* Exercise instructions
Reproduce all of the data below without alteration; exclude every picture.

* Provided material
--------------------------------

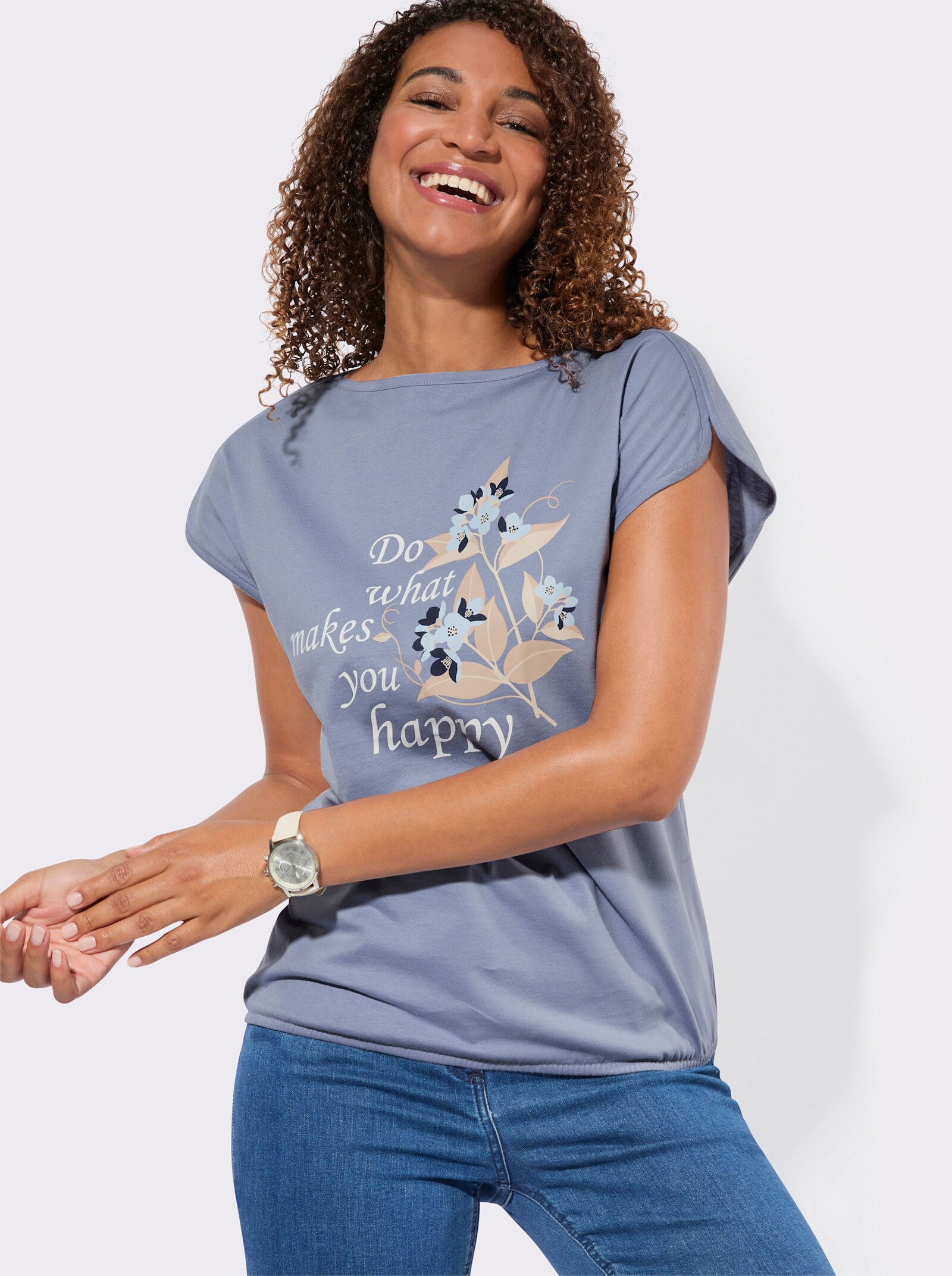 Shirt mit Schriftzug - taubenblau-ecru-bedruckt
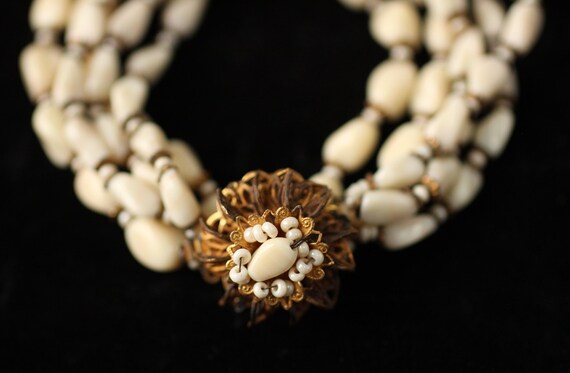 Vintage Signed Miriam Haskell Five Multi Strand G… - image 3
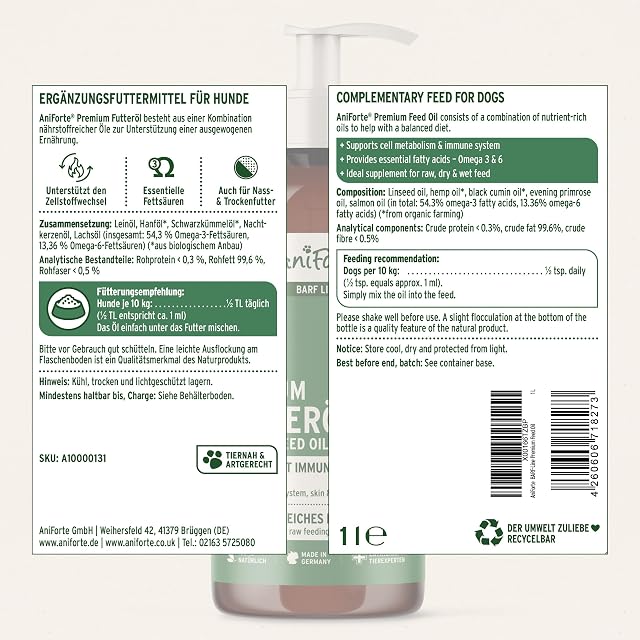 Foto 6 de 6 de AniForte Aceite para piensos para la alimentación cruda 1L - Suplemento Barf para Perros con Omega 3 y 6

--------------------------------

* Task output
 Shirt mit Schriftzug - taubenblau-ecru-bedruckt
 Vintage Signed Miriam Haskell Five Multi Strand G… - image 3
 Foto 6 de 6 de AniForte Aceite para piensos para la alimentación cruda 1L - Suplemento Barf para Perros con Omega 3 y 6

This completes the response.